Description of the task: From the line containing "UNIQA JEWELS - 925" through the last line of the entries below, repeat each line word for word and leave out the rest.

=== Begin Enclosure ===

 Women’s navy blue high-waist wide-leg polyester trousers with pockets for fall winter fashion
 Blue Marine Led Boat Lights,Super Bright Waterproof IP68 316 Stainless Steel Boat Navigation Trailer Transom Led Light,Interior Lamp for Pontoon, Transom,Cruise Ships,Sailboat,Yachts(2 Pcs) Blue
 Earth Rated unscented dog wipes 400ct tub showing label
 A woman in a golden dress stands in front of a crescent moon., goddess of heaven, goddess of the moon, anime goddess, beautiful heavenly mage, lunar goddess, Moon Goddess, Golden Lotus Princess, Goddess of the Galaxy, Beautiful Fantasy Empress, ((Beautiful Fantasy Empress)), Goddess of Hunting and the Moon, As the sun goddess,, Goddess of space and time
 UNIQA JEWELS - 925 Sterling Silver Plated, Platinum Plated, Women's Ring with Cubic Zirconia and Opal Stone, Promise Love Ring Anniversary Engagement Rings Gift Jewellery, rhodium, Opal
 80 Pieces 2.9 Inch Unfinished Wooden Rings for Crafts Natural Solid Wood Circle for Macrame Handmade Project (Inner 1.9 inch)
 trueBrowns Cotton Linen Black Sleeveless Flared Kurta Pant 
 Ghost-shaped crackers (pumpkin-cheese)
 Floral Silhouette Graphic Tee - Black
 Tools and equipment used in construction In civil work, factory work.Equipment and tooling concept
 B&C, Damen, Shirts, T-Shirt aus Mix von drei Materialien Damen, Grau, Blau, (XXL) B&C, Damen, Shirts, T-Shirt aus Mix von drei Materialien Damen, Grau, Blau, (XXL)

=== End Enclosure ===

Result of the exercise:
 UNIQA JEWELS - 925 Sterling Silver Plated, Platinum Plated, Women's Ring with Cubic Zirconia and Opal Stone, Promise Love Ring Anniversary Engagement Rings Gift Jewellery, rhodium, Opal
 80 Pieces 2.9 Inch Unfinished Wooden Rings for Crafts Natural Solid Wood Circle for Macrame Handmade Project (Inner 1.9 inch)
 trueBrowns Cotton Linen Black Sleeveless Flared Kurta Pant 
 Ghost-shaped crackers (pumpkin-cheese)
 Floral Silhouette Graphic Tee - Black
 Tools and equipment used in construction In civil work, factory work.Equipment and tooling concept
 B&C, Damen, Shirts, T-Shirt aus Mix von drei Materialien Damen, Grau, Blau, (XXL) B&C, Damen, Shirts, T-Shirt aus Mix von drei Materialien Damen, Grau, Blau, (XXL)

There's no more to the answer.